= Edward Greswell =

British chronologist

Edward Greswell (1797–1869) was an English churchman and academic, known as a chronologist.

==Life==
The son of the Rev. William Parr Greswell, he was born at Denton near Manchester, on 3 August 1797. He was educated by his father and at Manchester Grammar School. He matriculated at Brasenose College, Oxford, on 5 April 1815, and was elected scholar in the same year.

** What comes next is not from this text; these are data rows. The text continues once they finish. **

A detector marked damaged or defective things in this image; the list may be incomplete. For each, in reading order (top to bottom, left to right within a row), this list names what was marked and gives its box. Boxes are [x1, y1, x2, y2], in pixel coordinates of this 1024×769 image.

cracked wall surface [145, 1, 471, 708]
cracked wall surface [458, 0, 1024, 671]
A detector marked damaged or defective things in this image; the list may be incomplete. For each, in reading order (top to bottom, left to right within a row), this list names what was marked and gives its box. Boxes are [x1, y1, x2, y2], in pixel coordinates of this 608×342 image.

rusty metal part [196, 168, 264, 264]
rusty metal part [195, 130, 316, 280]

Early in 1816 he obtained the Lancashire scholarship at Corpus Christi College and graduated B.A. in 1819, M.A. in 1822, and B.D. in 1830.

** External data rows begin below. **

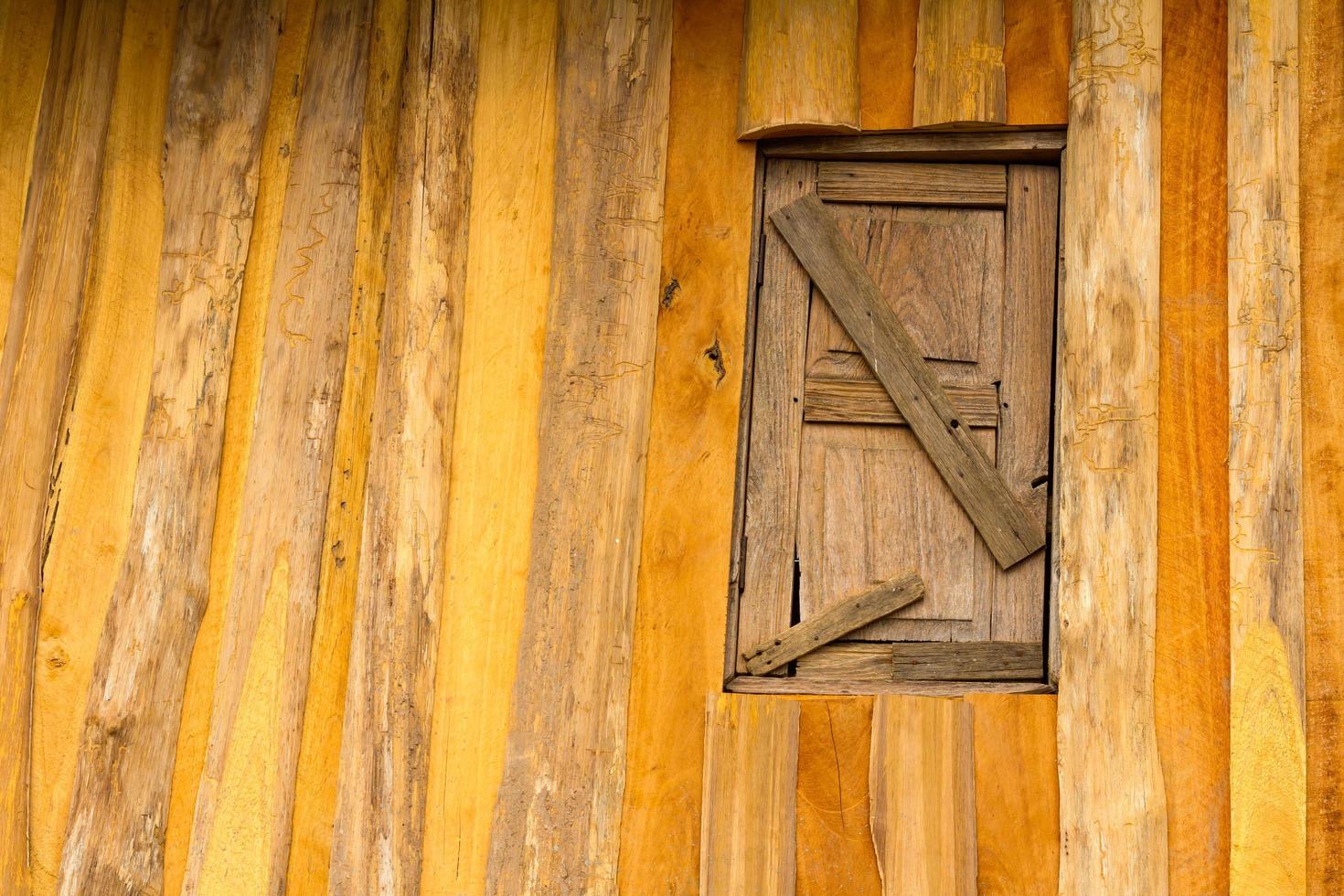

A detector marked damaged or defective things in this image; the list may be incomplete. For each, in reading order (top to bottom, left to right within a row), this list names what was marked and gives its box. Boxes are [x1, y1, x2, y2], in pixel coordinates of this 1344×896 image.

broken slat [911, 0, 1002, 128]
broken slat [816, 162, 1002, 208]
broken slat [797, 379, 1002, 428]
broken slat [772, 195, 1046, 567]
broken slat [746, 574, 925, 673]
broken slat [889, 640, 1046, 684]
broken slat [699, 695, 794, 892]
broken slat [874, 691, 980, 896]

He was ordained deacon in 1825, and priest in 1826, and held the office of college tutor from 1822 to 1834. He was Fellow of Corpus Christi College from 1823 until his death in 1869; he held the college posts of Latin reader in 1824, junior dean 1825, Greek reader 1827, librarian 1830, and vice-president of his college from 1840 to 1869.

He died on 29 June 1869.

==Works==
Greswell took part in the disputes at Oxford about 1836 in connection with Renn Hampden's appointment as Regius Professor of Divinity, and published a Letter to his Grace the Duke of Wellington, Chancellor of the University, on the subject (Oxford, 1837). His works included:

- Dissertations upon the Principles and Arrangement of a Harmony of the Gospels, Oxford, 1830, 3 vols. On it Robert Mimpriss based his exegetical work ("Mimpriss system") intended for Sunday schools.
- Harmonia Evangelica, 1830, 1837, 1840; 5th edit. 1855.
- Joannis Miltoni Fabulæ, Samson Agonistes et Comus Græcè, 1832.
- Supplementary dissertations on the Harmonies, 1834.
- An Exposition of the Parables, and of other parts of the Gospels, 1834–5, 6 vols.
- Prolegomena ad Harmoniam Evangelicam, 1840.
- Fasti Temporis Catholici and Origines Kalendariæ: History of the Primitive Calendar, Part 1, 1852, 4 vols.
- General Tables of the Fasti Catholici, or Fasti Temporis Perpetui, from B.C. 4004 to A.D. 2000, 1852.
- Supplementary Tables and Introduction to the Tables of the Fasti Catholici, 1852.
- Origines Kalendariæ Italicæ, 1854, 4 vols.
- Origines Kalendariæ Hellenicæ, 6 vols. 1861.
- The Three Witnesses and the Threefold Cord; being the testimoney of the Natural Measures of Time, of the Primitive Civil Calendar, and of Antediluvian and Postdiluvian Tradition, on the Principal Questions of Fact in Sacred and Profane Antiquity, 1862.
- The Objections to the Historical Character of the Pentateuch in Part I of Dr. Colenso's "Pentateuch and Book of Joshua," considered and shewn to be unfounded, London, 1863.
- The Zulus and the Men of Science, London, 1865.

Greswell also printed for private circulation a translation into Greek iambics of three hymns by Thomas Ken, 1831, and a hymn of praise in English.